Tegan And Sara: So Jealous
Tegan And Sara's 2000 debut This Business Of Art was recorded when the Canadian twins were teenagers, and still actively courting the same acoustic-alternative audience that worships Ani DiFranco and Indigo Girls. By the time of 2002's If It Was You, Tegan And Sara had absorbed the off-kilter power-pop of its countrymen in The New Pornographers, as well as Ryan Adams' lessons on how to insert '80s rock muscle into deceptively simple folk songs. The sisters beef up even more on So Jealous, which possesses some of the cooing cool of Missing Persons, reconceived for the post-Breeders era.
"You Wouldn't Like Me" tells the band's musical story, starting with a rhythmically strummed acoustic guitar, then adding a matching electric and a buzzing layer of synthesizer.

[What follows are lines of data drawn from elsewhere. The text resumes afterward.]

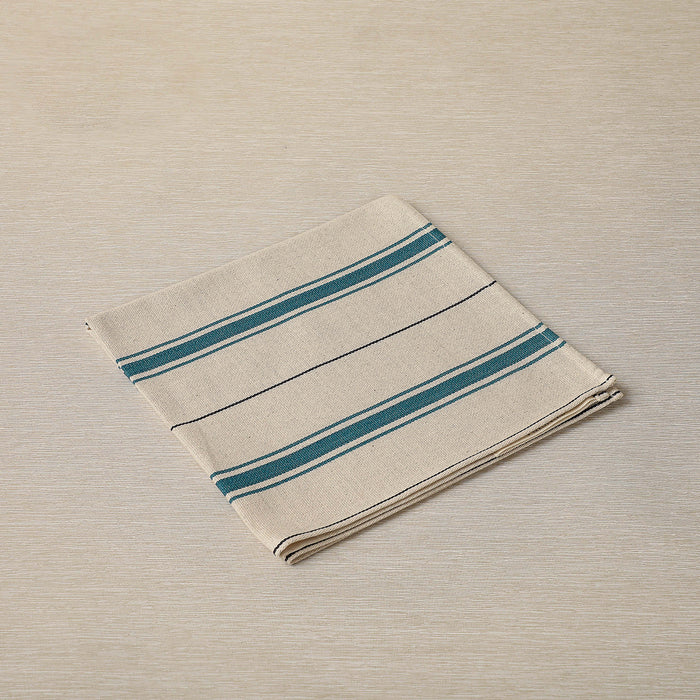 Teal stripe cotton napkin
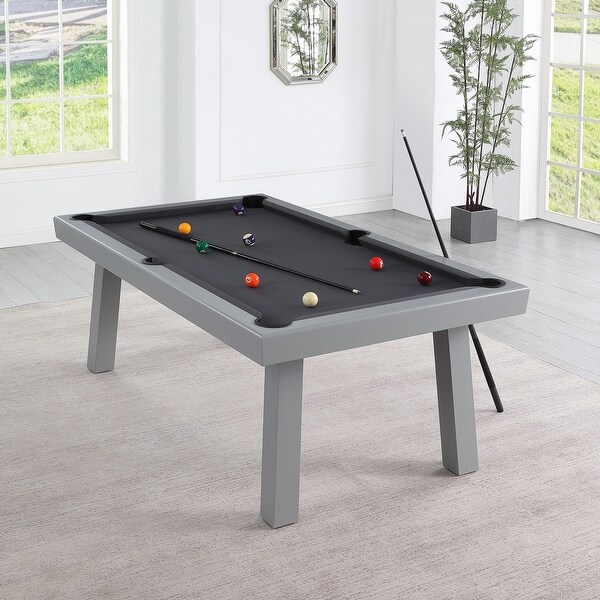 Newport Outdoor Patio 7ft Slate Pool Table 6Seater Dining Set with 4 Benches and Accessories，Cement Finish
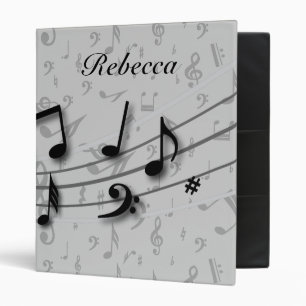 Personalized Black and Grey Musical Notes Binder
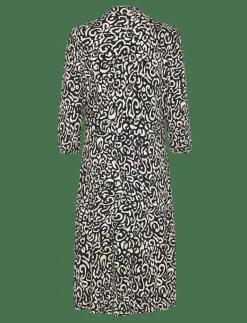 FREE/QUENT FQANNE-DRESS - Midiklänningar BLACK W. STAR OFF-WHITE New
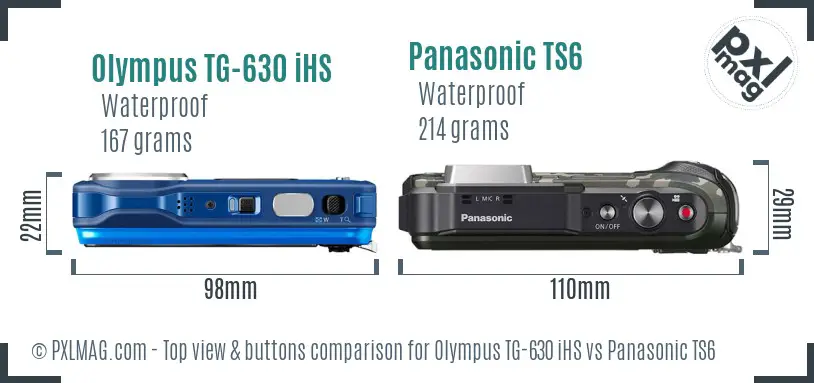 Olympus TG-630 iHS vs Panasonic TS6 top view buttons comparison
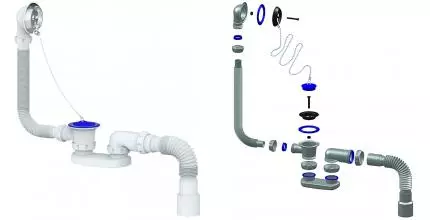 Сифон для ванны слив-перелив «Unicorn» S12 нержавеющая сталь с пробкой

The drums and bass kick in a minute later, but the song already feels like an oddball arena rocker, right down to the narcissistic sad-sack chorus: "I feel like I wouldn't like me if I met me." Over the next 13 songs, Tegan And Sara treats cutesy girl-pop like modeling clay, converting the briskly booming "Take Me Anywhere," the icy power ballad "Downtown," and the spinning, pumping "Speak Slow" into aggressive demands for attention, affection, and respect.
The brittle harmonies make So Jealous a little tough to warm up to, but combined with the thick-handled melodies and punchy arrangements, Tegan And Sara's look-at-us swagger generates drama. The album's peak arrives with the crashing "I Bet It Stung," where the sisters tell off would-be lovers by letting them they know where their priorities lie, singing "I love the rock 'n' roll" in a halting moan.